“我不同意。”
易雨飒面对着易惠,脸上看不出丝毫的波动。
她是早上回到的玉京,刚下飞机就被易惠叫到了身边。
结果一见面就接到了自己跟张辞婚事取消的通知。
“我不是来征求你意见的。”
易惠脸上同样也没什么表情,古井无波的眼神看起来甚至让人胆寒:
“我和辛辛已经见过面,这是他的意思,我已经同意了。”
易雨飒的呼吸骤然急促起来,眼神也多了一丝怨毒:
“呵呵。”
她冷笑着:
“他的意思,您同意了,现在只是通知我一声。”
“所以在你们眼里,我就是块抹布,不想用了随时就能丢弃,是吗?”
“义母,您别忘了,我和张辞的婚事是邬夫人生前定下来的,您没有取消的权力!”
易惠嗯了声:“说得对,我确实没有权力取消,但辛辛有,他不想娶你,就没有人能勉强他。”
易雨飒盯着易惠:“您要违背邬夫人的遗愿吗?”
易惠看着易雨飒,一抹失望之色在她眼底倏忽而逝。
她叹了口气:“飒飒,你为何到现在都不明白呢?”
易雨飒微微一怔:什么意思?
没等她发问,易惠便缓缓道:
“夫人的遗愿是辛辛一辈子平安、健康、快乐。”
“辛辛既然不愿意娶你,夫人当然不会勉强。”
“更何况颜颜已经身怀有孕?”
“我也亲眼去看过了,那是个很不错的孩子,辛辛也是真心喜欢她。”
“这就够了。
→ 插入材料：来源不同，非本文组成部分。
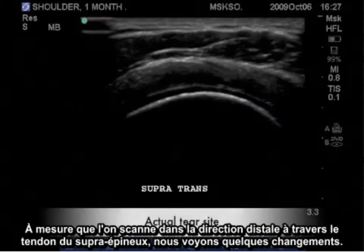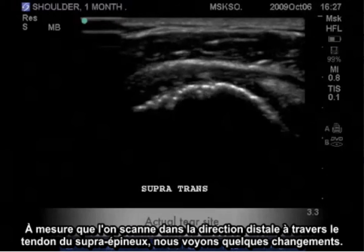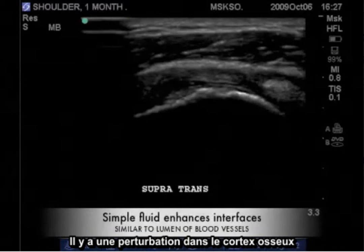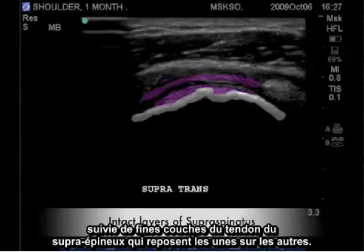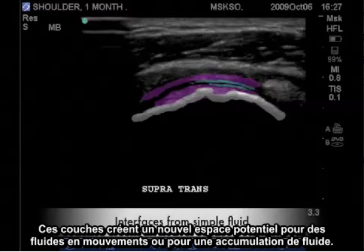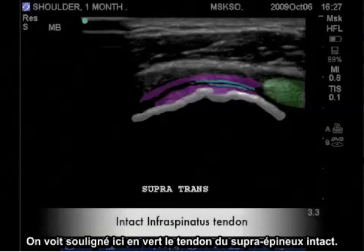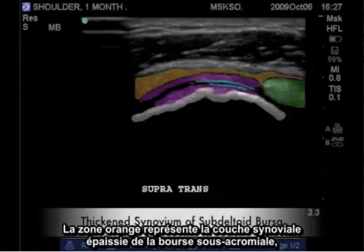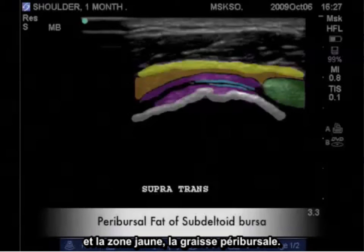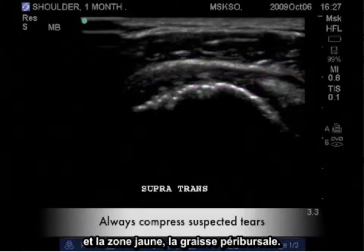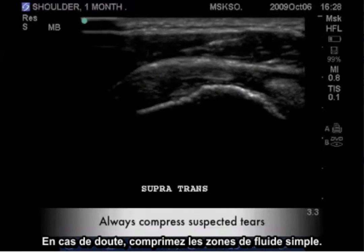As we scan distally through the supraspinatus tendon, we see a few changes. There is a disruption in the bony cortex followed by thin layers of the supraspinatus tendon resting on top of each other, creating a new potential space for free fluid or simple fluid to collect. Highlighted in green is the intact infraspinatus tendon, orange represents the thickened synovial layer of the subacromial bursa, and yellow is the periversal fat. When in doubt, always compress areas of simple fluid.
”
胡说八道!
易雨飒深吸了口气,讥讽地看着易惠:
“义母,你忘了楚家曾经对张辞做过的事情吗?”
“不错,他现在和楚红颜的感情确实很好,可这并不能抹杀掉楚家曾经在他身上施加的痛苦和羞辱。”
“您自诩最疼爱张辞,现在居然对这些视而不见么?”
“可笑!”
蠢呐,真是蠢……
这一刻,易惠忽然有些自我怀疑:自己教育孩子的水平是不是真的很差?不然怎么养了这么个蠢货出来?
“义母!”
易雨飒眼圈儿红的惊人:
“您的通知我收到了,我的回复也跟您说了——我不同意。”
“张辞想要退婚,让他自己来跟我说。”
“或者,杀了我。”
说罢,她便转身离去,留给易惠一个冷酷的背影。
“唉。”
良久,易惠发出一声无奈而又痛心的叹息。
她知道,自己和易雨飒之间已经产生了一道罅隙。
还不小的那种。
思考了片刻,她拉开书桌的抽屉。
“刚才的对话你都听见了吧?”易惠问。
躺在桌上的木偶人毫无动静。
想了想,易惠试探着道:“这位年轻漂亮的单身女士,请问刚才我和飒飒的对话你听见了吗?”
话音还没完全落下,刚才还躺在桌上装死的木偶人立刻蹦了起来。
“听到了听到了。”木偶人手舞足蹈:“本年轻漂亮的单身女士都听见了哦,惠夫人,您是需要我代为转达吗?”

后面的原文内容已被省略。